AIM: Additional Image Guided Generation of Transferable Adversarial Attacks
Teng Li, Xingjun Ma, Yu-Gang Jiang
TL;DR
This work tackles the vulnerability of DNNs to transferable adversarial attacks, with a focus on targeted transferability which is harder to achieve. It introduces a plug-and-play Semantic Injection Module (SIM) that injects guiding semantics from an auxiliary image into a general adversarial generator, enabling a two-input generation process $x_{adv}=G((x,x_{guide}),\theta_g)$ and new training losses tailored for targeted and untargeted settings. The key contributions are the SIM architecture, logit-contrastive and mid-layer similarity losses for targeted attacks, an untargeted loss set leveraging multiple guiding images, and extensive cross-architecture and cross-domain evaluations showing substantial improvements in targeted transferability and competitive untargeted performance.
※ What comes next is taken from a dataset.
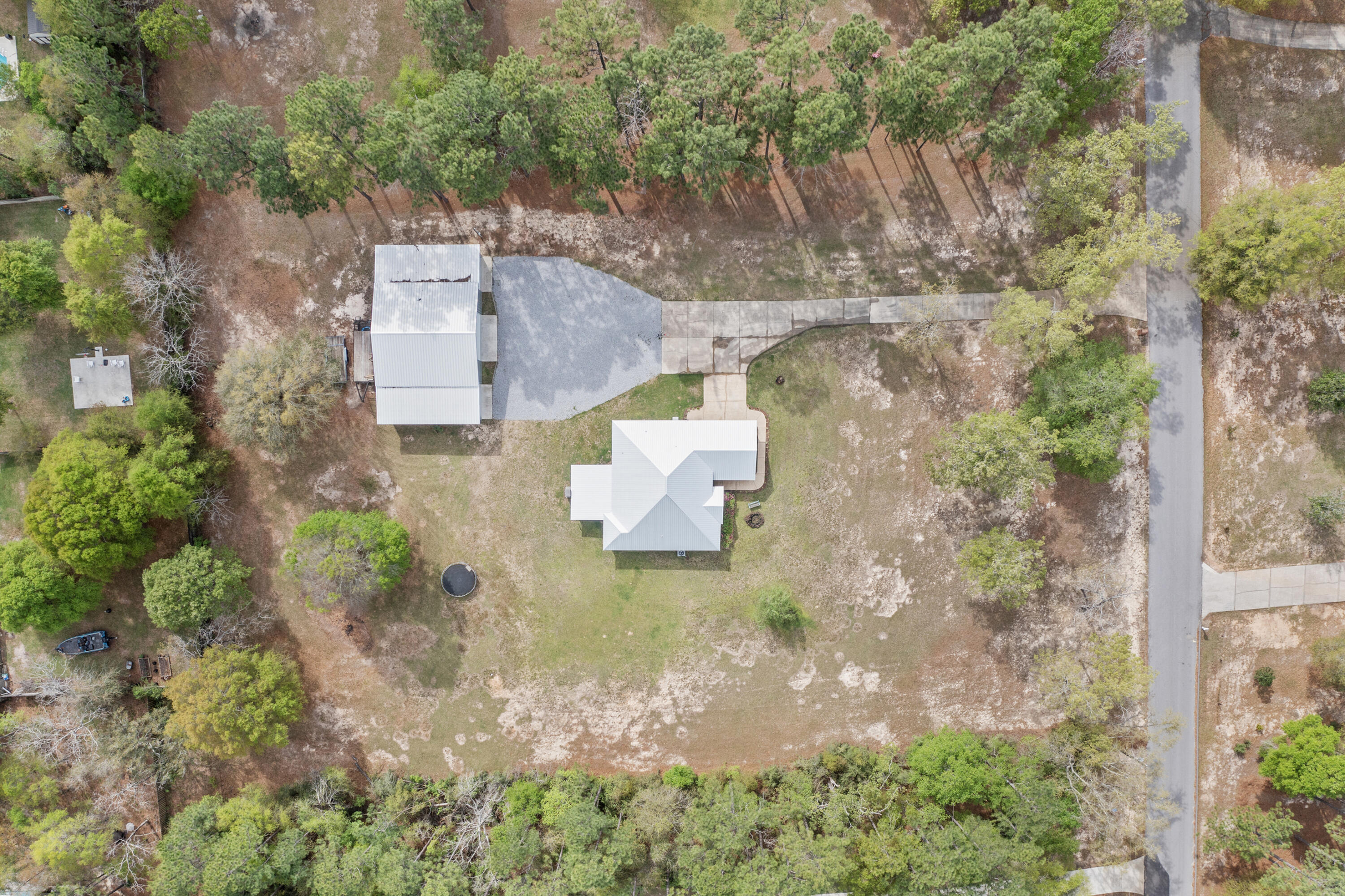 1582 Greenwood Road Baker, FL 32531 - Photo 51 of 52 an aerial view of a house with a yard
The approach advances understanding of semantically guided adversarial generation and has implications for evaluating robustness and informing defense strategies against transferable attacks.
Abstract
Transferable adversarial examples highlight the vulnerability of deep neural networks (DNNs) to imperceptible perturbations across various real-world applications. While there have been notable advancements in untargeted transferable attacks, targeted transferable attacks remain a significant challenge. In this work, we focus on generative approaches for targeted transferable attacks. Current generative attacks focus on reducing overfitting to surrogate models and the source data domain, but they often overlook the importance of enhancing transferability through additional semantics. To address this issue, we introduce a novel plug-and-play module into the general generator architecture to enhance adversarial transferability. Specifically, we propose a \emph{Semantic Injection Module} (SIM) that utilizes the semantics contained in an additional guiding image to improve transferability. The guiding image provides a simple yet effective method to incorporate target semantics from the target class to create targeted and highly transferable attacks. Additionally, we propose new loss formulations that can integrate the semantic injection module more effectively for both targeted and untargeted attacks. We conduct comprehensive experiments under both targeted and untargeted attack settings to demonstrate the efficacy of our proposed approach.